I'm not sure how to caption this post.  I wasn't even planning to write it, but some days, even when you think it might be time to write about something other than toddlers and what they say, you see something you know you have to share.  I'm not sure whether we should call this post, "A Prelude of Things to Come" or possibly, "Some Girl's Mamma Will Hate Me Someday."

For those of you new to this blog, I have been wondering whether my son is a junior Casanova, and if so, how on Earth am I going to handle it.  (If you haven't read that post, you should check it out.)  I mean, I didn't even date all that much.  What do I know about cute and popular?  We figured Toddler didn't stand a chance at either with the two of us as his parents, but it looks like Mother Nature is getting her kicks with us ... at least for now.  I mean, all kids are cute when they are two.  Who knows what will happen between now and kindergarten.

Anyway, I have to give a little bit of background, otherwise someone will try to call Child Protective Services because you won't understand.  We have a CD that Toddler LOVES to listen to called Music Play Date by Playhouse Disney.  On that CD is a song called "What's Monkercise?" where Aah the red monkey teaches Ooh the blue monkey to exercise.  One of the exercises involves Ooh "shaking his monkey tail."  The song even has a line in it telling everyone to "shake your little monkey tail."  When we hear that line in this house, Toddler gets up and dances, looking quite professional with his little Toddler gyrations.  There is absolutely nothing inappropriate about his little boogeying.  We even say the line and do the dance in public for fun.
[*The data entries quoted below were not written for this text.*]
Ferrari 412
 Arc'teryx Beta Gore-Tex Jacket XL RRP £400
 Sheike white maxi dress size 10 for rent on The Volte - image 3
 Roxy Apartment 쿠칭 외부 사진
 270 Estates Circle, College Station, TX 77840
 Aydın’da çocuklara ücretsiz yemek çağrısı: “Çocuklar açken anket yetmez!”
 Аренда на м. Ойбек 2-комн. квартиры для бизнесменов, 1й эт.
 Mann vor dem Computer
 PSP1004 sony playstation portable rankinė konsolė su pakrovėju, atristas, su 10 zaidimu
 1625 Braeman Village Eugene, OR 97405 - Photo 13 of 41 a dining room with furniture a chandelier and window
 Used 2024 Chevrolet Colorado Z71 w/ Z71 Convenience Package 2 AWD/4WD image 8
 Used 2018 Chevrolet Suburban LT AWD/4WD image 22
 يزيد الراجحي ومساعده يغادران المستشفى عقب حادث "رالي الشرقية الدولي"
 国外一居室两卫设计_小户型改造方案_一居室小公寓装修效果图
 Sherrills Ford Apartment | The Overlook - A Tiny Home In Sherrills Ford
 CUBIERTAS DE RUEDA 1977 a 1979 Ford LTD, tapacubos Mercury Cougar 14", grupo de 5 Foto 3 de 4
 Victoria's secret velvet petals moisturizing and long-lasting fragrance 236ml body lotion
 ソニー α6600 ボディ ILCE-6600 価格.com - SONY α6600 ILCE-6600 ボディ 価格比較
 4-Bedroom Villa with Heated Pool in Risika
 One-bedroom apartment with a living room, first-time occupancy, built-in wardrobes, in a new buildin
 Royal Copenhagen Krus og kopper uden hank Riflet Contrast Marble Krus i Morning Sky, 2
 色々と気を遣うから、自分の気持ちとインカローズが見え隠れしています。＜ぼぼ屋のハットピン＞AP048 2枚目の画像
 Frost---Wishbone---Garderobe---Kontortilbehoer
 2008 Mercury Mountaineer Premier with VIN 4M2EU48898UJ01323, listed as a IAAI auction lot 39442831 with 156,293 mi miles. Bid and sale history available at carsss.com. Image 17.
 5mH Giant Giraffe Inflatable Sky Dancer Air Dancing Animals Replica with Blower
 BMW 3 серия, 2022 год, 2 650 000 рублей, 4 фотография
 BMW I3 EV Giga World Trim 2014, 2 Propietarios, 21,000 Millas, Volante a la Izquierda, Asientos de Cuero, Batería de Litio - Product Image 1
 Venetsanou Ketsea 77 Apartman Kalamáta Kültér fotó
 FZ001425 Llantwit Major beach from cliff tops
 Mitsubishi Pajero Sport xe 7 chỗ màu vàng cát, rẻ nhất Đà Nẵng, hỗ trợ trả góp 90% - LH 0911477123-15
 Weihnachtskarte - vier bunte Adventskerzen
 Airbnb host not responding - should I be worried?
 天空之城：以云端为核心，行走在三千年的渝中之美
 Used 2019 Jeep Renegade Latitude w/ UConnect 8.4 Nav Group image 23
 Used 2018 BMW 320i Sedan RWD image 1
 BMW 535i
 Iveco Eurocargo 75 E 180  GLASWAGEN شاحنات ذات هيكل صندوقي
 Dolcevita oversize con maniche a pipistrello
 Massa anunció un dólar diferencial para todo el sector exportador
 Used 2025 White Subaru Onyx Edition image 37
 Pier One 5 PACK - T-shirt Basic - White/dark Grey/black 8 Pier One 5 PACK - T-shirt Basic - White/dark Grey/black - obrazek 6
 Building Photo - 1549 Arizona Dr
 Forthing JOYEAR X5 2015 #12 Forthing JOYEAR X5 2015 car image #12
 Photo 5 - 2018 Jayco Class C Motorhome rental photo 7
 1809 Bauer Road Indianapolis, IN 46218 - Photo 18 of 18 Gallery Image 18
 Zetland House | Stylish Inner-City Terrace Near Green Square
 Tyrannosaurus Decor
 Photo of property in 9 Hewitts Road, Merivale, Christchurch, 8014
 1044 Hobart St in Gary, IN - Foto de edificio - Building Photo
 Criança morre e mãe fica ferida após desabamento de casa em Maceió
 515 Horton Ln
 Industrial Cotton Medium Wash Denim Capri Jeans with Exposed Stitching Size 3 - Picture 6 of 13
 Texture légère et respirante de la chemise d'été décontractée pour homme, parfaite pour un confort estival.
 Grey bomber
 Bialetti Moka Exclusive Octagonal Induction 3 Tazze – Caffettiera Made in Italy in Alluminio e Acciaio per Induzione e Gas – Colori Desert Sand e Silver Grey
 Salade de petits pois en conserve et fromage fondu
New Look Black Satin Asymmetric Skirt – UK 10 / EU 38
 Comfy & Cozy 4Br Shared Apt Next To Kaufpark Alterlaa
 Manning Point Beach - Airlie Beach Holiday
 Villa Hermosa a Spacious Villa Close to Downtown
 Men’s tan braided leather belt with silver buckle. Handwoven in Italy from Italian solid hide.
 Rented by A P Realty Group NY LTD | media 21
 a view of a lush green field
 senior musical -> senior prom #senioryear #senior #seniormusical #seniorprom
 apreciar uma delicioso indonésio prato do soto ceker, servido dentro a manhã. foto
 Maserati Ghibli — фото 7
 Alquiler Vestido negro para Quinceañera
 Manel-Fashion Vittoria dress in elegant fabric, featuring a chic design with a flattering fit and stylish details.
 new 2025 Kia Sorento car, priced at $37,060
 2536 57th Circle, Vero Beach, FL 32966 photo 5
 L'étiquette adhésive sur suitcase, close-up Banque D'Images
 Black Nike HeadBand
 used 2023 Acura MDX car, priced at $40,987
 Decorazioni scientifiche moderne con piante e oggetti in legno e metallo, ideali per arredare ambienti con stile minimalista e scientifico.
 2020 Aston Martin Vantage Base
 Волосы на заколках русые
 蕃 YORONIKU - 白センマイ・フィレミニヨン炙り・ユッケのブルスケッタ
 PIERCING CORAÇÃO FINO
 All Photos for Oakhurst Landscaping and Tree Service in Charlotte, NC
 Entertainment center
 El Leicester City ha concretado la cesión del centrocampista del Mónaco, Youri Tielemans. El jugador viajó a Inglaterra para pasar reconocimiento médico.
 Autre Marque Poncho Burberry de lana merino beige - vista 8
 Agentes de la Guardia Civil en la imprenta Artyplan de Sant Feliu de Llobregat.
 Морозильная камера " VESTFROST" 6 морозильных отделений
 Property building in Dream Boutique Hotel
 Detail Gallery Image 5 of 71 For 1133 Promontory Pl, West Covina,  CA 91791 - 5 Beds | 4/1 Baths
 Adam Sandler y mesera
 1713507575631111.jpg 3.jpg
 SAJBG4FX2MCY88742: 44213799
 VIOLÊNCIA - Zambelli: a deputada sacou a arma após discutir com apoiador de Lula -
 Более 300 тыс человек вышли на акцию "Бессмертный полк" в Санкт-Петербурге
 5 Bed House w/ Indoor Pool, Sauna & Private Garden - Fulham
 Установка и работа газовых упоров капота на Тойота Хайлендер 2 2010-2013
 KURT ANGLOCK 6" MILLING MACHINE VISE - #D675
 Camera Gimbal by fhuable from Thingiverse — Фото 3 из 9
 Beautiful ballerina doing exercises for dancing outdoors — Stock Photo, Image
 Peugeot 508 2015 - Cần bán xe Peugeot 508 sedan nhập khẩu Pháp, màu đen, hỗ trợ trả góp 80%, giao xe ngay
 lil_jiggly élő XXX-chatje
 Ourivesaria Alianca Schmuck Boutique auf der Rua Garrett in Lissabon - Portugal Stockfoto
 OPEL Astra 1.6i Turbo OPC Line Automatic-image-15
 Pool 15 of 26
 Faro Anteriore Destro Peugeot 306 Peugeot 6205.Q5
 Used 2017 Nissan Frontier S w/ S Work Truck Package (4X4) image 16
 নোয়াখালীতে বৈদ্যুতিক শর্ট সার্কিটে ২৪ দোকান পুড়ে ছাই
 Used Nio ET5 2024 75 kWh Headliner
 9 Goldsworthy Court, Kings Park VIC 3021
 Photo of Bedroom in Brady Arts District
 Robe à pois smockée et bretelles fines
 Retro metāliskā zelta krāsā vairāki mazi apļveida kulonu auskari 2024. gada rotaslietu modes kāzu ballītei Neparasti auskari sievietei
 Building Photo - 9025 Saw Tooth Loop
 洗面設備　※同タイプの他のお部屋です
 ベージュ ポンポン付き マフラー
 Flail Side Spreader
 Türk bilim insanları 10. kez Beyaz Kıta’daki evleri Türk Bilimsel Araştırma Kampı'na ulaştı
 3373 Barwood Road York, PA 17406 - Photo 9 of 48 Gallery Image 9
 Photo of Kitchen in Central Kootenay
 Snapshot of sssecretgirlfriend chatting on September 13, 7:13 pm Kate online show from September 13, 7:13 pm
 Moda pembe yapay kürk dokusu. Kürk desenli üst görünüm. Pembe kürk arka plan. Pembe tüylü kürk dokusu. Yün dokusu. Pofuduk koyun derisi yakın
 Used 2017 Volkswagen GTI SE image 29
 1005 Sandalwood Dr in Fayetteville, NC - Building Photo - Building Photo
Nonetheless, when taken out of context, those words ... well ... let's just say this.  Whenever Toddler wants to "shake his little monkey tail" while we are in the bathroom, we have to tell him this isn't the time or place for dancing.  I just don't even want to think what the other moms might be thinking if he were to say that in a public restroom.  Yikes!

Today we were at a playdate with a girl-child a few months younger than Toddler.  The kiddos were having a blast playing, and chatting back and forth.  For the most part, they can understand each other just fine, even when we are having trouble.  (Somehow, I feel sheepish asking my Toddler what his toddler-friend just said, but he always seems to know.)

While they were standing on the stairs, I heard this:

Toddler:  Look at me, I'm shaking my monkey tail!
Girl: 
Toddler:  C'mon, Girl.  Shake your monkey tail.
Girl:  No.
Toddler: But why not?
Girl:

Now, I don't know about the rest of you, but I have a bad feeling about this conversation.  I am well aware that there was nothing but unbridled innocence in those words, but I couldn't help but think about Toddler and his girl-chasing in music class and wonder:

Am I in over my head?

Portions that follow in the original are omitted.